*** Begin section ***

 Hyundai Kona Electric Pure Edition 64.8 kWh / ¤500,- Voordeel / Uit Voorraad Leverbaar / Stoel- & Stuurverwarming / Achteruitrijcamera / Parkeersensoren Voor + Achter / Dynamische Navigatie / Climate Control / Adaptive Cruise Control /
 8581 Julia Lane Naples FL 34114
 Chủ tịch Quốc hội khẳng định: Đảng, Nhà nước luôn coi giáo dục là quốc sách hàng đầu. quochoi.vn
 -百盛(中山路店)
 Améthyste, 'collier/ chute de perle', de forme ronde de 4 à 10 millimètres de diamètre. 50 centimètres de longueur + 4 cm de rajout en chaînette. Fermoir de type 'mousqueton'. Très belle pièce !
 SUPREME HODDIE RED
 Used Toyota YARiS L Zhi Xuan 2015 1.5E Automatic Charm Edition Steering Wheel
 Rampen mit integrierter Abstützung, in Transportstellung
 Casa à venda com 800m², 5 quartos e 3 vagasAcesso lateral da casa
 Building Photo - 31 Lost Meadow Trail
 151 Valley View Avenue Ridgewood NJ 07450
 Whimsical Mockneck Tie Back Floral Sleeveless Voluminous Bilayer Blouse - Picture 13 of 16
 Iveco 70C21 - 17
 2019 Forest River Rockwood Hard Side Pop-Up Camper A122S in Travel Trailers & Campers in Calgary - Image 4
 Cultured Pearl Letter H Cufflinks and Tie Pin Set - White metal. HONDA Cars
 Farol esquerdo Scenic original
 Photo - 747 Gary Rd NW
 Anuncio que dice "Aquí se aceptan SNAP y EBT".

*** End section ***

• REQUIRED ACTION: Output all of the data in full, exactly as given.

• RESPONSE AREA:
 Hyundai Kona Electric Pure Edition 64.8 kWh / ¤500,- Voordeel / Uit Voorraad Leverbaar / Stoel- & Stuurverwarming / Achteruitrijcamera / Parkeersensoren Voor + Achter / Dynamische Navigatie / Climate Control / Adaptive Cruise Control /
 8581 Julia Lane Naples FL 34114
 Chủ tịch Quốc hội khẳng định: Đảng, Nhà nước luôn coi giáo dục là quốc sách hàng đầu. quochoi.vn
 -百盛(中山路店)
 Améthyste, 'collier/ chute de perle', de forme ronde de 4 à 10 millimètres de diamètre. 50 centimètres de longueur + 4 cm de rajout en chaînette. Fermoir de type 'mousqueton'. Très belle pièce !
 SUPREME HODDIE RED
 Used Toyota YARiS L Zhi Xuan 2015 1.5E Automatic Charm Edition Steering Wheel
 Rampen mit integrierter Abstützung, in Transportstellung
 Casa à venda com 800m², 5 quartos e 3 vagasAcesso lateral da casa
 Building Photo - 31 Lost Meadow Trail
 151 Valley View Avenue Ridgewood NJ 07450
 Whimsical Mockneck Tie Back Floral Sleeveless Voluminous Bilayer Blouse - Picture 13 of 16
 Iveco 70C21 - 17
 2019 Forest River Rockwood Hard Side Pop-Up Camper A122S in Travel Trailers & Campers in Calgary - Image 4
 Cultured Pearl Letter H Cufflinks and Tie Pin Set - White metal. HONDA Cars
 Farol esquerdo Scenic original
 Photo - 747 Gary Rd NW
 Anuncio que dice "Aquí se aceptan SNAP y EBT".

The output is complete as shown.